The finished comb is the result of the united efforts of the moving, restless mass; and the great mystery is, that any thing so wonderful can ever result at all from such a mixed-up, skipping-about way of working, as they seem to have. When the cells are built out only part way, they are filled with honey or eggs, and the length is increased when they feel disposed, or “get around to it,” perhaps. It may be that they find it easier working with the shallow walls about the cells, for they can take care of the brood much easier, and put in the honey easier too, in all probability; and, as a thick rim is left around the upper edge of the cell, they have the material at hand to lengthen it at any time. This thick rim is also very necessary to give the bees a secure foothold, for the sides of the cells are so thin they would be very apt to break down with even the light weight of a bee. When honey is coming in rapidly, and the bees are crowded for room to store it, their eagerness is so plainly apparent, as they push the work along, that they fairly seem to quiver with excitement; but for all that, they skip about from one cell to another in the same way, no one bee working in the same spot to exceed a minute or two, at the very outside.
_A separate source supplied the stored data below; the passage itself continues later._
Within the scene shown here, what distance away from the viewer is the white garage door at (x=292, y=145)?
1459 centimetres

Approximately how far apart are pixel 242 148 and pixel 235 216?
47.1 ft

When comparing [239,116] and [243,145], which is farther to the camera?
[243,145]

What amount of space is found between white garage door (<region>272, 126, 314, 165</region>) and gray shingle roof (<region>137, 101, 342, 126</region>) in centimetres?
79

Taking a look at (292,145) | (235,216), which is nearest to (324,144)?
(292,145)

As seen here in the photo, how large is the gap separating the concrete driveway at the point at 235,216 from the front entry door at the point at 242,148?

Very frequently, after one has bent a piece of wax a certain way, the next tips it in the opposite direction, and so on until completion; but after all have given it a twist and a pull, it is found in pretty nearly the right spot. As nearly as I can discover, they moisten the thin ribbons of wax with some sort of fluid or saliva. As the bee always preserves the thick rib or rim of the comb he is working, the looker-on would suppose he was making the walls of a considerable thickness; but if we drive him away, and break this rim, we will find that his mandibles have come so nearly together that the wax between them, beyond the rim, is almost as thin as tissue paper. In building natural comb, of course the bottoms of the cells are thinned in the same way, as the work goes along, before any side walls are made at all; but the manner of thinning the bottoms of the cells in the foundation is quite another thing.

*The exact mathematical calculation make these numbers 29, 29 and 58, respectively, but ordinarily the numbers I have given in the context are more nearly correct.